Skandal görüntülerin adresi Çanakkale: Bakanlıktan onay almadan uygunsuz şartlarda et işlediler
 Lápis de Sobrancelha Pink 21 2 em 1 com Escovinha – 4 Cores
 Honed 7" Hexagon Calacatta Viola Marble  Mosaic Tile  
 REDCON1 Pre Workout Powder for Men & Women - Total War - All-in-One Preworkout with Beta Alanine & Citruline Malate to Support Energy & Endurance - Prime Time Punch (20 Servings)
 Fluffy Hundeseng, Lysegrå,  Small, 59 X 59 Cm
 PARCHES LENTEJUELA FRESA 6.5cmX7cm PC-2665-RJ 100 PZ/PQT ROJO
========
● **WHAT YOU SHOULD DO**
Once you find the line containing "Lápis de Sobrancelha", copy it and every line after it through the end of the records, exactly and nothing else.

● **RESPONSE BOX**
 Lápis de Sobrancelha Pink 21 2 em 1 com Escovinha – 4 Cores
 Honed 7" Hexagon Calacatta Viola Marble  Mosaic Tile  
 REDCON1 Pre Workout Powder for Men & Women - Total War - All-in-One Preworkout with Beta Alanine & Citruline Malate to Support Energy & Endurance - Prime Time Punch (20 Servings)
 Fluffy Hundeseng, Lysegrå,  Small, 59 X 59 Cm
 PARCHES LENTEJUELA FRESA 6.5cmX7cm PC-2665-RJ 100 PZ/PQT ROJO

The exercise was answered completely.